Will presumably be asked in for police questioning after that De Ligt nutmeg. His touch from a raking Stones pass was also delightful, but he really should have scored after Delph’s second-half cross left him with a free header. England lost roughly four-fifths of their attacking threat when he was substituted, such is the danger his mere presence poses.
He was consigned to working in the background for much of the game, which is no insult. One chance created for Kane came soon after a delightful flick which led to Lingard’s strike, but VAR forced that even further into the back of the collective mind. The only player to win back possession more often for either side was the irresistible Frenkie de Jong, which sums up a tireless but ultimately pointless evening.
Bullied by De Ligt at one point in the 25th minute, losing the ball on the halfway line after a failed dribble then ending up sprawled on the ground after the centre-half held him off and delivered a cross from the right. He looked like an older brother being beaten by his younger sibling for the first time. Then five minutes later he reacted instantly to the centre-half’s miscontrol, racing into the area to draw a foul and calmly convert the penalty.
An excellent interchange with Sancho six minutes later created a second shooting opportunity, but Denzel Dumfries was on hand with a sublime covering tackle from left-back.

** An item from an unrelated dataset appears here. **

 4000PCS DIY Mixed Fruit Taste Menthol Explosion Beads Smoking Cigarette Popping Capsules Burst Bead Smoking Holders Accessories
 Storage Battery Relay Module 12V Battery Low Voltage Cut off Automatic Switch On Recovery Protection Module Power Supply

He was injured in the clash and would not emerge for the second half. Because he was substituted; nothing serious happened.

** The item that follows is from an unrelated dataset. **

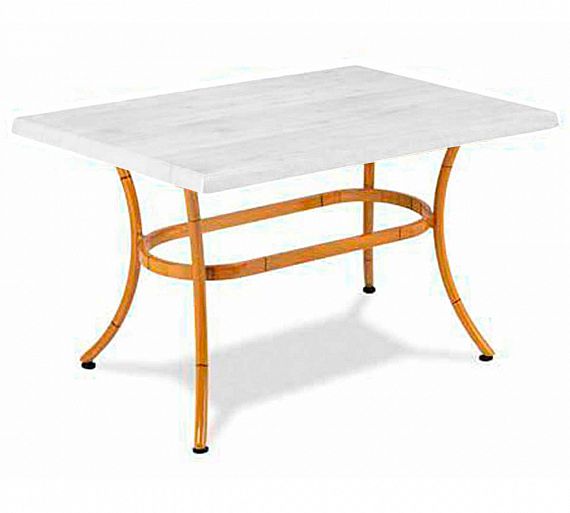 MUEBLES ROMERO - MESA 417 WERZALIT - BLANCO - 110X70 CM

HARRY KANE (on for Rashford, 46)
Well, he looked better as a half-time substitute than he did from the start. It must have been the extra five days of rest. Of course he had three shots, and of course none of them were on target.
JESSE LINGARD (on for Sancho, 61)
I audibly chuckled when the co-commentator on my stream used the sight of Jesse Lingard warming up to refer to England’s “strength in depth”. Then I laughed even more when he placed his first-time finish beyond a Barcelona goalkeeper. Then I wept as technology continued a slow and painful but inevitable uprising which will likely culminate in humanity’s collective demise, making way for a new world to be established without errors or mishaps.
He had more touches (22) than Sterling (20). Put that on your Instaspace.
JORDAN HENDERSON (on for Delph, 77)
England certainly looked better after he came on. They had more control in 53 minutes with Henderson than in 77 without him. It’s hardly his fault John Stones and Ross Barkley are John Stones and Ross Barkley.
DELE ALLI (on for Rice, 106)
England only conceded once with him on the pitch, and twice without him. Go figure.